- Mount Kaputar Location within New South Wales

Highest point
- Elevation: 1,489 m (4,885 ft)
- Coordinates: 30°16′26″S 150°09′25″E﻿ / ﻿30.27389°S 150.15694°E

Geography
- Location: New South Wales, Australia
- Parent range: Nandewar Range

Geology
- Rock age(s): Between 17 and 21 million years ago

Climbing
- Easiest route: Drive

= Mount Kaputar =

Mountain in New South Wales, Australia

Mount Kaputar, a mountain with an elevation of 1489 m above sea level, is located near Narrabri in northern New South Wales. It is part of the Nandewar Range and has been preserved within the Mount Kaputar National Park. The mountain is a prominent landmark for travellers on the Newell Highway as it rises abruptly from the plains. In the cold of winter the mountain may receive a light dusting of snow.

==Access==
The summit is accessible from Narrabri via a 57 km long, winding and narrow road that is partly sealed. Neighboring Mount Dowe, with an elevation of 1457 m above sea level, contains various telecommunications broadcasting equipment and the large antenna is visible from the Kamilaroi Highway heading south towards Gunnedah.
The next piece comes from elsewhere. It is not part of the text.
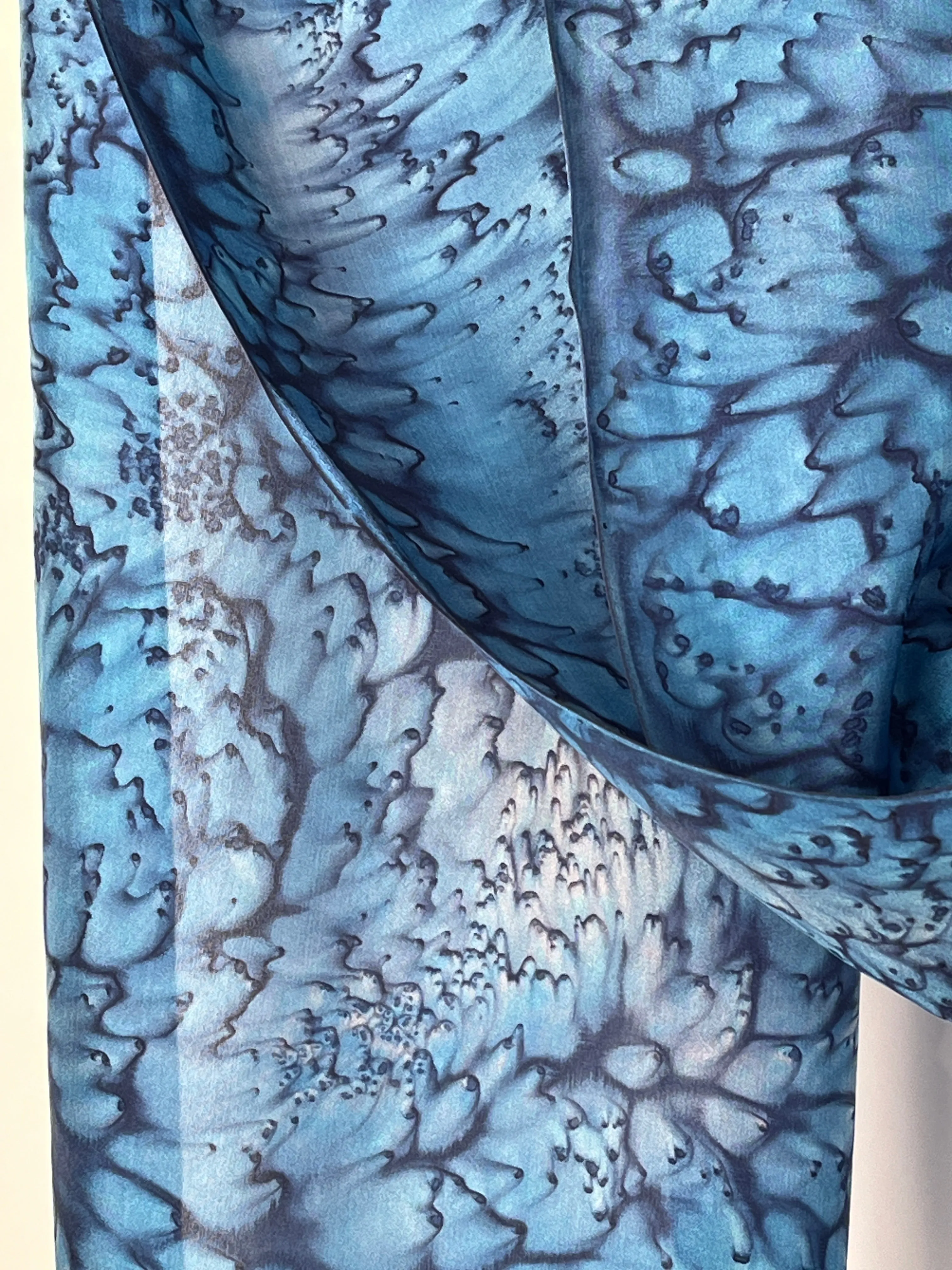 "Just Navy Mermaid" - Hand-dyed Silk Scarf - $125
There is a lookout at the top of the peak called Mount Kaputar Lookout. Nearby is the Governor Lookout and Eckfords Lookout as well as Dawson Spring with cabins, picnic tables and camping facilities.

Mount Kaputar panoramic view from the summit viewing platform

==Geology==
Mount Kaputar is the remnants of an extinct volcano that was active about 18 million years ago. Mount Lindesay was probably the centre of the volcano. The predominant vegetation on the mountain is dry sclerophyll forest.

==Flora==
The main vegetation types are dry rainforests, dry eucalypt forests and heathlands. A sub-alpine zone known as the Kaputar Plateau forms an elevated area 1350 m above sea level. Here the main vegetation type is open eucalypt forest dominated by snow gum, ribbon gum and mountain gum. Below this down to 1000 m above sea level the most common trees include the silver-top stringybark and rough-barked mountain gum. Heath occurs in scattered patches where exposure to high winds and shallow soils inhibits the growth of larger trees.

==Fauna==
The mountain is home to a giant, fluorescent pink slug, which can grow up to 20 cm in length. This pink species is found only on this single mountaintop. The peak is an isolated habitat island on which endemic invertebrates and plant species have existed for millions of years. According to a park ranger there are three species of cannibal snails on the mountain.